» **Data for this task**:
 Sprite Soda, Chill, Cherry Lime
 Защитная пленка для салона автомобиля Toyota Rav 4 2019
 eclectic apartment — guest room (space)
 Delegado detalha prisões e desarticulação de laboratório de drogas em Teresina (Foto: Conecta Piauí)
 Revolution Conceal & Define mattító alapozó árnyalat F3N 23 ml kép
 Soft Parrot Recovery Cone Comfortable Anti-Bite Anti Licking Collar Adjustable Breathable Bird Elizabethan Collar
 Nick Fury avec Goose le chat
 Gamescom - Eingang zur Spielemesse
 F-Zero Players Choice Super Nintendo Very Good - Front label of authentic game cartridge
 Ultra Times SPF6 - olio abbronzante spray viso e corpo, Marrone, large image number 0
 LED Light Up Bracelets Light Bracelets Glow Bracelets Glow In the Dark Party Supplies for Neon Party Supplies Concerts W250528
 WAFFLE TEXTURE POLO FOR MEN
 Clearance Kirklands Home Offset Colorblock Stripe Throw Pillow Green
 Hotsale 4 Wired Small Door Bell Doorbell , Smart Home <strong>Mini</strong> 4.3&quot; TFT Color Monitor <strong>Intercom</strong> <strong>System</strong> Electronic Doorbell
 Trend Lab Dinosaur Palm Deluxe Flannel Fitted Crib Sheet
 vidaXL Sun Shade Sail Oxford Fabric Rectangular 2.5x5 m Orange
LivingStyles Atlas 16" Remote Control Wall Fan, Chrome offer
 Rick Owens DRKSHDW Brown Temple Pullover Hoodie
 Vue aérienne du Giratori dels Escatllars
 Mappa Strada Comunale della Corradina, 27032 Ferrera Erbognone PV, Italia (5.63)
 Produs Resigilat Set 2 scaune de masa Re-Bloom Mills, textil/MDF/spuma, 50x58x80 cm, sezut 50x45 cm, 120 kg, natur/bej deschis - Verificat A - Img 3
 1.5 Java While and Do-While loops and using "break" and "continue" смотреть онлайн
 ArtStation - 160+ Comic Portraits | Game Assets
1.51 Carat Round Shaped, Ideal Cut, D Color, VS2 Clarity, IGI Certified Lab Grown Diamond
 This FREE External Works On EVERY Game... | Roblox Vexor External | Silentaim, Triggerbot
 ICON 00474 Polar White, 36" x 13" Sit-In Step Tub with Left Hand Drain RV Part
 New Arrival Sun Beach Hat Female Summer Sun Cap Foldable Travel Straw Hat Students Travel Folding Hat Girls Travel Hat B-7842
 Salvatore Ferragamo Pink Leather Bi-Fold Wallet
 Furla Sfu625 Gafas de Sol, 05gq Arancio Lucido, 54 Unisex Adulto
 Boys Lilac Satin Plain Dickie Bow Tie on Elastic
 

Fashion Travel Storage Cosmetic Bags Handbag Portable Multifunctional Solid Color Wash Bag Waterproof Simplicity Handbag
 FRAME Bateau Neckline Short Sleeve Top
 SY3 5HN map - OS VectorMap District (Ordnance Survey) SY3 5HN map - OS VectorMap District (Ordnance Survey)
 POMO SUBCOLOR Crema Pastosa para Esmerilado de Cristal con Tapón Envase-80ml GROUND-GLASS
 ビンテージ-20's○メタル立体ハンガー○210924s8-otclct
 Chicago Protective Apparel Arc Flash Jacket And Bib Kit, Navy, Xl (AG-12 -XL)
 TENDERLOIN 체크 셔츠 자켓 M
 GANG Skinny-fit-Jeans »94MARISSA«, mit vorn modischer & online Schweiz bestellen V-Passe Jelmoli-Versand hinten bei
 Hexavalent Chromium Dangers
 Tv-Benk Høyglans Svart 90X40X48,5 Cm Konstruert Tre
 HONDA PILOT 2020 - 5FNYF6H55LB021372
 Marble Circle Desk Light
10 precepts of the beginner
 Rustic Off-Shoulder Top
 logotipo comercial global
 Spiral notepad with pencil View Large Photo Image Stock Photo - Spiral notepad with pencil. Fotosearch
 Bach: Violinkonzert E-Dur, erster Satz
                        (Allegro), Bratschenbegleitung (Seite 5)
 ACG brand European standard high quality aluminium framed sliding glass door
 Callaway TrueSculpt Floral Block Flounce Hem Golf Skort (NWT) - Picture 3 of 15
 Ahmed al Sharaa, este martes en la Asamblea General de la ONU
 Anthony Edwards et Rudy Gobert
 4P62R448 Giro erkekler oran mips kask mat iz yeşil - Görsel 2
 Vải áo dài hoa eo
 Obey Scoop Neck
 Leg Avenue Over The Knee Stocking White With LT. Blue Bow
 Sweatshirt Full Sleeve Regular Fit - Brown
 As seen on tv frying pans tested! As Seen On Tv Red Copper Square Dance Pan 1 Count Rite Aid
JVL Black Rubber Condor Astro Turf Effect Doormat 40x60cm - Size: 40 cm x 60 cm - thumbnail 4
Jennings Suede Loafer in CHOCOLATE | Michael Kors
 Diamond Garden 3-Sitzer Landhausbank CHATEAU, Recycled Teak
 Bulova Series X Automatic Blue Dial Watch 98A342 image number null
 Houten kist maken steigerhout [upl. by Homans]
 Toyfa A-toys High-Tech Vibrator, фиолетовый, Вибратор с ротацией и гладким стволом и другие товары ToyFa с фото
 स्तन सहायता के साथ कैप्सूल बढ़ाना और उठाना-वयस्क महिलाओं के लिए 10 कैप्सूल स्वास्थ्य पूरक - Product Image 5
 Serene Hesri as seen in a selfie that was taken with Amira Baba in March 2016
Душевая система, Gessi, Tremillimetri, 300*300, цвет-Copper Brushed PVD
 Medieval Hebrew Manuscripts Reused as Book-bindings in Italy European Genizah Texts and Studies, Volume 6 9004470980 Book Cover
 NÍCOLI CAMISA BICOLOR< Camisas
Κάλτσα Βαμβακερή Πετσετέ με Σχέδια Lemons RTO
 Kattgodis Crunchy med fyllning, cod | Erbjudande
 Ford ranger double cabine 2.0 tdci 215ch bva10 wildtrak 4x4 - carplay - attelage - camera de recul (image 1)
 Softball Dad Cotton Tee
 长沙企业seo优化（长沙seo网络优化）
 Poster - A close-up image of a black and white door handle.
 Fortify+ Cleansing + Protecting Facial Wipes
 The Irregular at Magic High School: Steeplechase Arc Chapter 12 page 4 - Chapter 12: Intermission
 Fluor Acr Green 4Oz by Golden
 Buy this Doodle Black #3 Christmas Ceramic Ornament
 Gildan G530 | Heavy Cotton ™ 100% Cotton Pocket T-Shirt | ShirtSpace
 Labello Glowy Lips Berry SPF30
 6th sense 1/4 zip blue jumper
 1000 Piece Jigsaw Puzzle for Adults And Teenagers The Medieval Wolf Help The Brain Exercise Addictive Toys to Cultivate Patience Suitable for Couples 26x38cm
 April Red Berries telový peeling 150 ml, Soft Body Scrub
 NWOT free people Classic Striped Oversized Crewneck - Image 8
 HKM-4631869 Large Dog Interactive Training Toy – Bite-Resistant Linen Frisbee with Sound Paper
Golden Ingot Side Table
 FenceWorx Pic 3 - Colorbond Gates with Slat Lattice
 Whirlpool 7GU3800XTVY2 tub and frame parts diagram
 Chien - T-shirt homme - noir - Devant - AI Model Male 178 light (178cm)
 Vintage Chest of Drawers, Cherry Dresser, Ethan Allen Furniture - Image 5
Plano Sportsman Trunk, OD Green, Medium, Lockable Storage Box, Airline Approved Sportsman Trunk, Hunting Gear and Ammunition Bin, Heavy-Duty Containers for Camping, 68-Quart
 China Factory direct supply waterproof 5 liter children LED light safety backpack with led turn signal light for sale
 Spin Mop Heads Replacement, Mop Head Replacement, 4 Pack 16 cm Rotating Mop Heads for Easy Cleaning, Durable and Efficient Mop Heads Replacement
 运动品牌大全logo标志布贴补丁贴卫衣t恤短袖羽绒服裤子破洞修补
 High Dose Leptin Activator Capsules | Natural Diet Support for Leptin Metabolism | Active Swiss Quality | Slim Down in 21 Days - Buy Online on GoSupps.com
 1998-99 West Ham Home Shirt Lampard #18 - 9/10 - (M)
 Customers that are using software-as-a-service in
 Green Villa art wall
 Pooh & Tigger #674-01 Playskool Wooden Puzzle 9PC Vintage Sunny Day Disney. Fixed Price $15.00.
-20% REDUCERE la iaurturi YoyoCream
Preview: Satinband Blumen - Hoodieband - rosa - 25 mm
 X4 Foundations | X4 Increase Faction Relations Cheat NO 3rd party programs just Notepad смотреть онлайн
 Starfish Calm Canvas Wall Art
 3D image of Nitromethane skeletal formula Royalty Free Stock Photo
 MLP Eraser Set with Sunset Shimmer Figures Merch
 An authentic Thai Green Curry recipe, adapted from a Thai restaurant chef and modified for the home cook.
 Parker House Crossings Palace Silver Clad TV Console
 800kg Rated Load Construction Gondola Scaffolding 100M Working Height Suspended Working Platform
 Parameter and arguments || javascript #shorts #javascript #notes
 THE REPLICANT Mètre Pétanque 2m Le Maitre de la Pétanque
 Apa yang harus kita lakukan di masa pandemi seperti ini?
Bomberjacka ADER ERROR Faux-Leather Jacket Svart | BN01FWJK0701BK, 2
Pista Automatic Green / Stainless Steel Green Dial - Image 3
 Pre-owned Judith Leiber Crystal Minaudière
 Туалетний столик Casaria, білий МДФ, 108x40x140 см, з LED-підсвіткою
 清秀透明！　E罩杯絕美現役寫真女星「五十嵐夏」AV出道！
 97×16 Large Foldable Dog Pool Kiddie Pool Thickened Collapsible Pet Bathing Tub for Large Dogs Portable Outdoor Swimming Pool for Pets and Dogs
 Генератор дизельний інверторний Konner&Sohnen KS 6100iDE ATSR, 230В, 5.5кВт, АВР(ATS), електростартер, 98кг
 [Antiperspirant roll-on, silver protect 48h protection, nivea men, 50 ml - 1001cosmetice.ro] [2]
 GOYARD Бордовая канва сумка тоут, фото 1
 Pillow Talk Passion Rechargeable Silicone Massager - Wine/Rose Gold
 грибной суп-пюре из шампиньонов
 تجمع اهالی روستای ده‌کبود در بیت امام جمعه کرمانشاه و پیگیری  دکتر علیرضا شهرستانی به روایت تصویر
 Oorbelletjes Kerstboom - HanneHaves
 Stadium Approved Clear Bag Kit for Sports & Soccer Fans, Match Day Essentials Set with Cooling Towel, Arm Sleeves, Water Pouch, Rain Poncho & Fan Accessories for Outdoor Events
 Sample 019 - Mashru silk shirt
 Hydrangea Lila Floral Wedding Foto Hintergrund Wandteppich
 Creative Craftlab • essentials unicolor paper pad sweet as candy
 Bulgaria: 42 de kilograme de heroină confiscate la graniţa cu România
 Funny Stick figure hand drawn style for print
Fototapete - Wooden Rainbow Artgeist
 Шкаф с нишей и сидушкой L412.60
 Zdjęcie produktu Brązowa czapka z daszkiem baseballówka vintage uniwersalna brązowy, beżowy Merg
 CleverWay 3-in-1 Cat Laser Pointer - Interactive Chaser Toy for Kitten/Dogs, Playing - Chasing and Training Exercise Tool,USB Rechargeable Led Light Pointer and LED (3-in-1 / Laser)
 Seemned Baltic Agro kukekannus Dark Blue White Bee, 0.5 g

» **Task goal**:
Could you find every line in the records above that has the string "Medieval" and copy it?

» **Task solution**:
 Medieval Hebrew Manuscripts Reused as Book-bindings in Italy European Genizah Texts and Studies, Volume 6 9004470980 Book Cover
 1000 Piece Jigsaw Puzzle for Adults And Teenagers The Medieval Wolf Help The Brain Exercise Addictive Toys to Cultivate Patience Suitable for Couples 26x38cm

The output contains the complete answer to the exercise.